Closed LGH531 closed 1 year ago
I woke up this morning and saw steam coming off the pool. I angrily said "the darn kids left the pool heater on for a 4th day in a row?" I've been saying to them each day don't leave the pool heater on because I wake up each morning and it's back on, even though I turned it off. Leaving that heater running all night is probably $100 in natural gas.
Then I realized this morning it's very possibly this thread with the Home Assistant integration and iAqualink not communicating to each other. I had turned the pool heat on initially via Home Assistant before I realized there was a bug with this re-authentication issue. Thus I had left the pool heat on in Home Assistant. It's been that way for about 2 weeks. In that time I've just been logging in direct to iAqualink's web interface (which is awful and their authentication on that site is way too aggressive, so I miss Home Assistant.)
We had a friend in town, so we were running the Pool Heater constantly until 4 days ago when they left and then I turned the pool heat off.

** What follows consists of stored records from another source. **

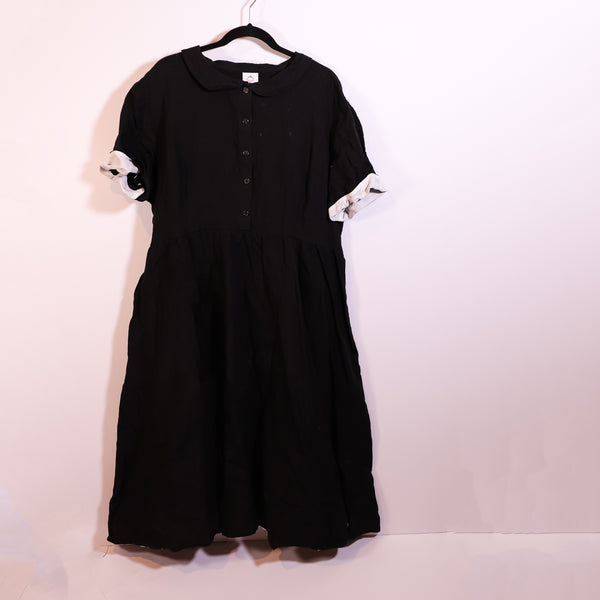 Son De Flor Mini Classic Short Sleeve Linen Collared Button Front Dress Black 1X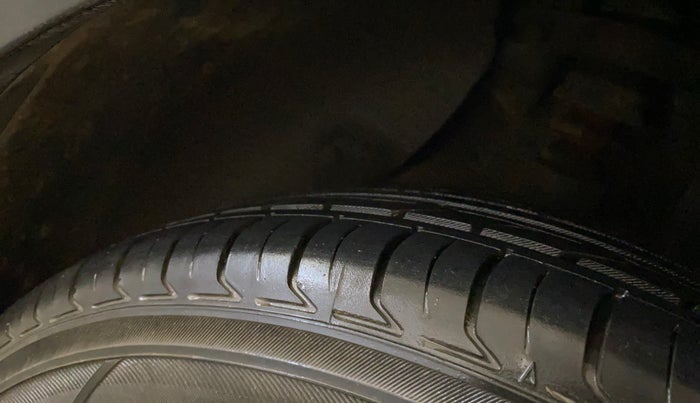 2016 Hyundai Creta SX PLUS 1.6 PETROL, Petrol, Manual, 92,858 km, Right Rear Tyre Tread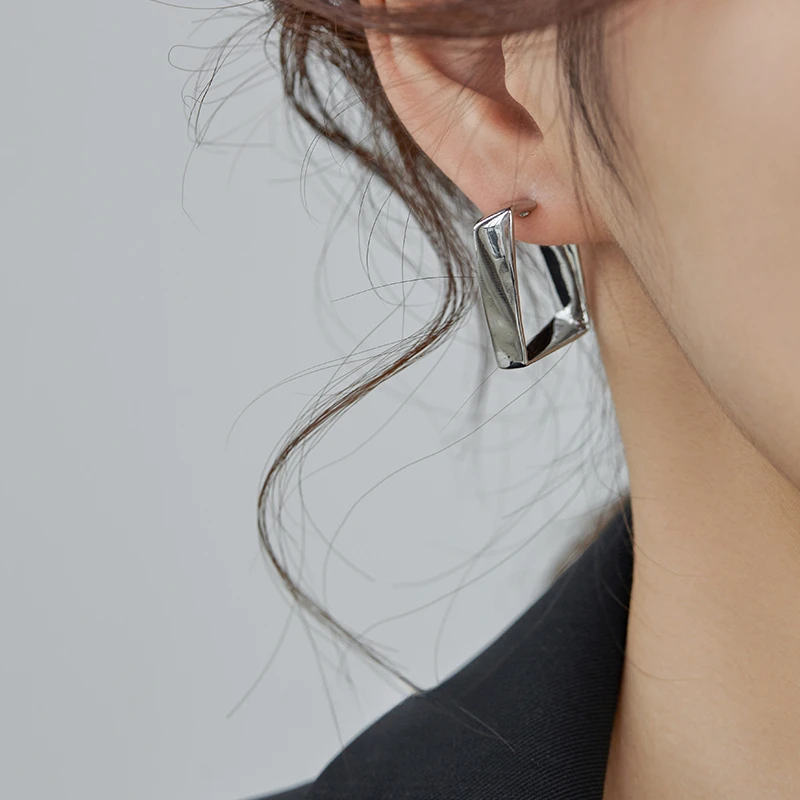

Geometric square niche design exaggerated fashionable high-end earrings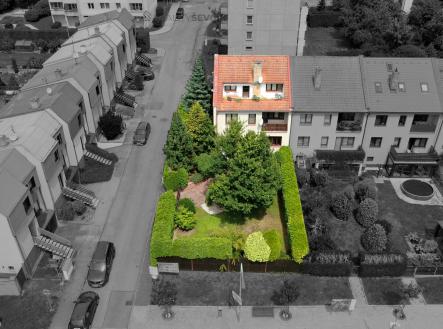 Prodej - dům/vila, 338 m²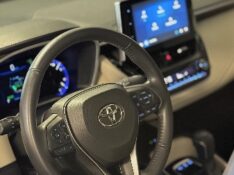 TOYOTA COROLLA 1.8 ALTIS PREMIUM 16V HÍBRIDO 2022/2023 MALAGGI VEÍCULOS ENCANTADO / Carros no Vale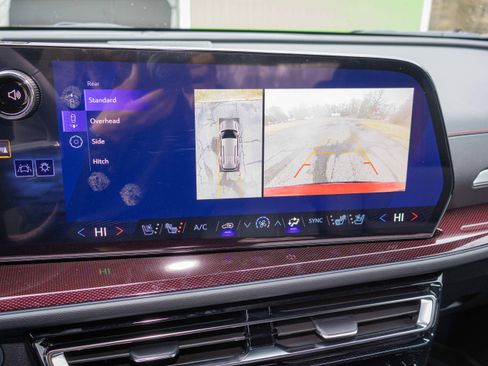 New 2026 Chevrolet Traverse RS w/ LPO, Floor Liner Package image 16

However, each morning it would be back on and I truly thought it was just a kid. So as much as the iAqualink in Home Assistant is broken, it seems to maybe be able to recommunicate each night to try to resync things???
The point of me posting this, is this bug (if it truly is from this) actually has cost me hundreds of dollars in natural gas. I write open source code too, and I get how hard it is to check your brain back into a project. I'm bad at wanting to go re-open code years later and update it due to a new bug that crept up and an active Github issues thread where I can feel the pressure from across the world of people waiting and hoping for me to update code.
I do think we should probably go edit the code instead of @flz. It's a community effort after all. I don't think it's fair to just keep pestering him. I wish Home Assistant made it easier to edit and test the code. Every time I try to write a plugin I feel like I'm walking around in the dark. I wish there were more good Youtube videos of how to write a real-world plugin. I wish it was easier to step through the code when running inside Home Assistant. I wish the documentation was better of the callback events for the plugins. I wish there were more examples of code for push/pull web API's and websocket API's. Then I could help more.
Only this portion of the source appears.